Fate/stay night [Heaven’s Feel]」I.presage flower感想

映画

2018 2/12観賞。

 公開から、程よくしてからでないと、4D上映はしてなかった。MX4Dにて、鑑賞。

 凛とした張り詰める空気。映画館の、室内なのに、寒くも感じる… スッと弓を構える士郎。(ヒュッ)パンッ!弓道場に響く。弓が、当たる。 非、日常の様な空気…が立ち込める。 “強さ”なんて、語彙力はないかも知れないが、心の強さ…芯の強さを、測り知る。

 冒頭のそのシーンが衛宮士郎の、強さを、物語っている。何度も、冒頭だけでも、見た。 重要なシーンでもなんでもないかも知れない。 それが、凛とした音のない魅力に繋がっている。 そして、ずっと“冬”が印象的なシーンでもある。 多分、作者が思い描きたかったのは、冬から春にかけて、ヒロイン‘さくら’の成長、生きかた、物語を描きたかったべく、冬を舞台にしたのかな。(原作のゲームは未読です) 寒そうと思わせる演出も、素敵です。

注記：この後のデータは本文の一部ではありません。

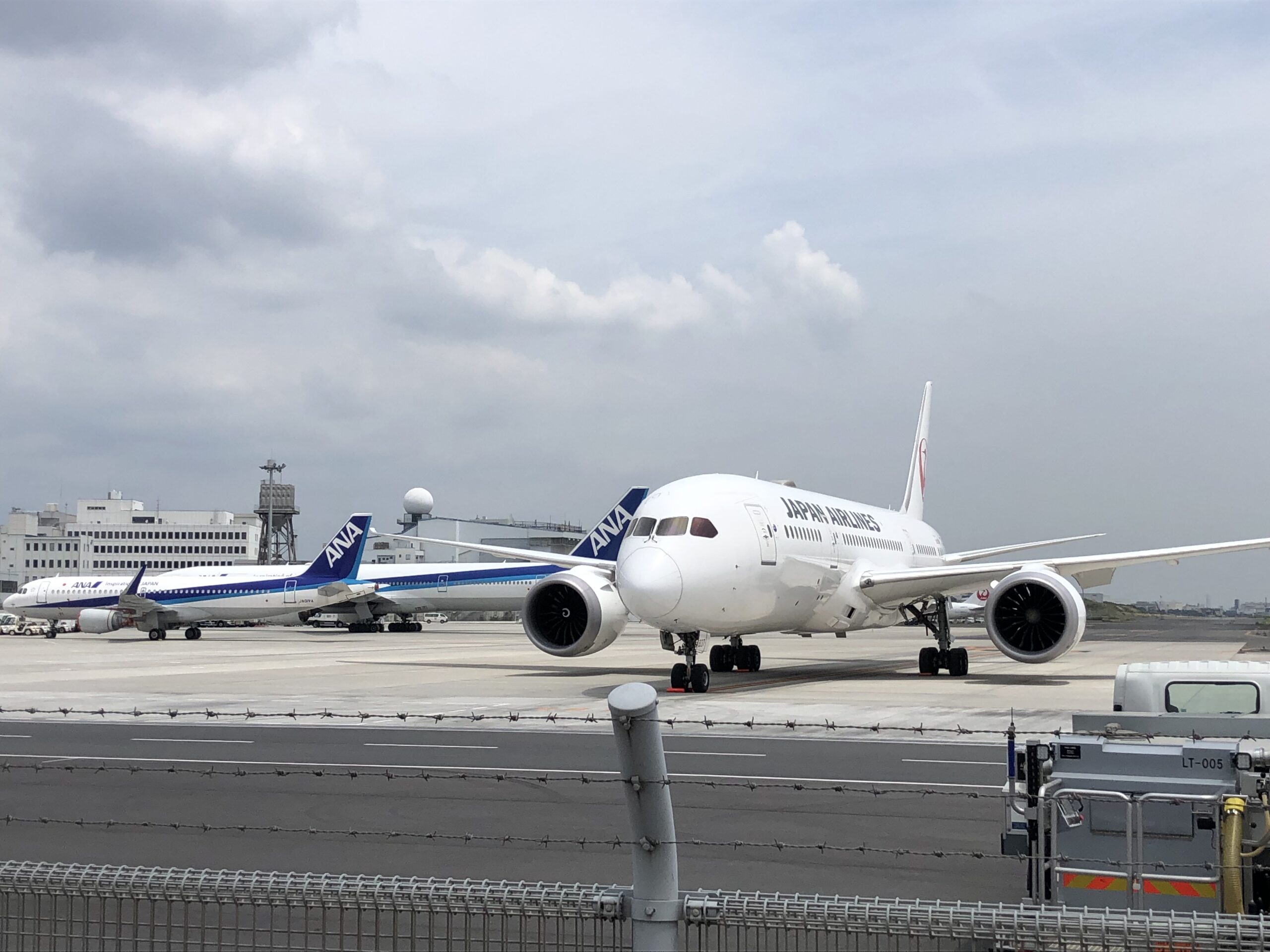 穴場スポット 天空橋駅で飛行機を見学 乗り物好きの子供におすすめ 東京都大田区 羽田空港 たるぼうブログ 共働き 育児 家計管理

 この、 Fate自体でこの映画3部作1であり、今までの Fateシリーズを見ていないと、なぜ、主人公 衛宮士郎が、セイバーと会ったのかわかりません。一応、画面では出るのですが、オープニングのカット説明であり、言葉の説明は割愛されています。 なので、初見向きではないですね。 私自身も、映画の Fateシリーズしか今まで見た事がなく後の補足は、Wikipediaや、TVシリーズを少しかじったくらいです。

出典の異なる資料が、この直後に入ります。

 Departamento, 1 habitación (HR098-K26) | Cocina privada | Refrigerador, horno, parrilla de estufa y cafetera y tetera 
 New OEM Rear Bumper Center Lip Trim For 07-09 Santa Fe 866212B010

 このHeaven‘s feelは、 Fateシリーズの中で、最も、映像化しにくいと言われたぞうで、今までTVシリーズ等でもアニメになった事はなかった。監督自身が、この FateHFの大ファンであり、作り上げたそうです。  Fateも原作ゲームから息が長いので出来た事ですね。 長い作品でなかったら、この監督ではなかったかも知れません。

1番、何がアニメ化し辛かったのか、今はわからないけど、多分、昔はCGが有能では無かったので、アニメCGでスムーズに動かせる…例えばこのHFⅠでは、高速道路の上のトラックでの戦闘とか、VSバーサーカーや、VSアーチャーでの戦闘シーンだったかも知れません。 まぁ、昔の技術でも、戦闘シーンのクオリティは低いとは言えないほどのものがありますが。(ロボットアニメならガンダムとかね…昔のOVAで予算があるものは、そうとうなクオリティだったと思う) 今ほど、CGが豊かでは無かったし、映像化すると18禁をどこまでやれるのかにもよったのでしょうが。 あとは、長すぎるストーリーだったのかな?短縮するストーリーを作れるか?とか。

 印象に残ってるのは、雪のシーンで、イリヤも無邪気にはしゃいでセイバーと戦わせたりが、いつもマストですが、士郎に会う時に、雪をぶつけるのは、子供として可愛い。 また、キャラ1人1人の魅力が、ハッキリ出ている作品だと思います。

 やはり、3部作の1番目らしく、丁寧に何度も見返したように雰囲気もFateらしく、作られていると思う。ヒロインさくらがどんなに、ちょっと根暗でもあり、中学生から高校生にかけて兄の変わりに士郎を面倒みたいと衛宮家にずっと行っているのが印象的ですね。健気で大人しく、誰からも純和風な女性のイメージなのに、陰鬱で影を秘めてる。そのギャップと言うか感情の悲しさが、大人しさが、冒頭から中盤のバトル、中盤から終盤のバトルに向けて、疾走感があるようでいて、雪の様にスッと音を立てずに近付いていく…そんな作品だと思います。 

Fate好きにとって星5の作品でしょうが、 Fateを知らない初見みたら、まず、暴投の主人公 衛宮士郎のくだりが、わかりませんね。それでも、映像美、音楽、ストーリー合わせて初見でも、星4確実だと思います。